Even before she was born: her legs kicking all over my tummy, her jumps of fear when I would place my hands under that noisy automatic hand-dryer she didn't like. Her hiccups, rhythmic like a gentle tennis match, her disappointment when I would sleep on the side she didn't want me to.

People give you all sorts of advice when you give birth or when you are breastfeeding. As much as I am grateful to those that I actually required, I am also aware that some stories I heard were not about me, were about them. A sort of mystification of their past.

Also comments, they might walk through your soul like studded boots. "We were one when I breastfed the baby". No we were not. My daughter would stop sucking to look at the leaves around her and I would darken. My breasts would hurt.
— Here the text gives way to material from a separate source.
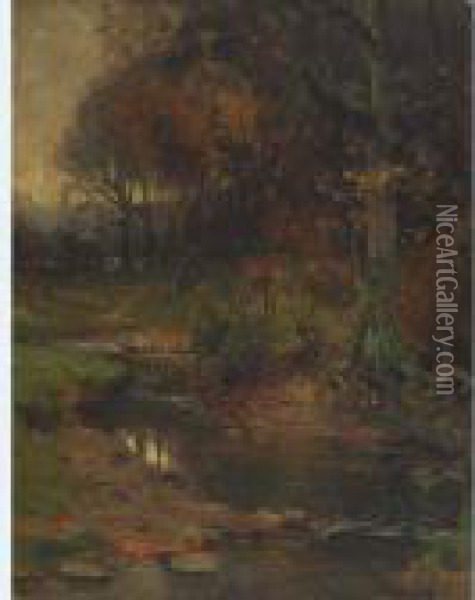 Autumnal View Of A Forest And Stream Oil Painting - William Mouncey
"The baby and I like to do this and that", We", "Us".


I had no "us". I had a clear, distinct "her". And a blurry and transitioning "I", bombarded with not requested all-sorts-of-advice, unsteady and yet powerful.

Looking back, I now wish that at the time I had one person coming to me saying "it's ok not to perceive yourself as a whole with the newborn".

I did not feel guilty, not at all. I just felt detached, and tired, most of the time. One of those teachers who worry or frown rather than smiling. In the diary I kept, I read about episodes of "perfect happiness" though.

Now that my daughter is two, I admit - or should I say I'm surprised to discover - that I love her tenderly, and I love her MORE than before.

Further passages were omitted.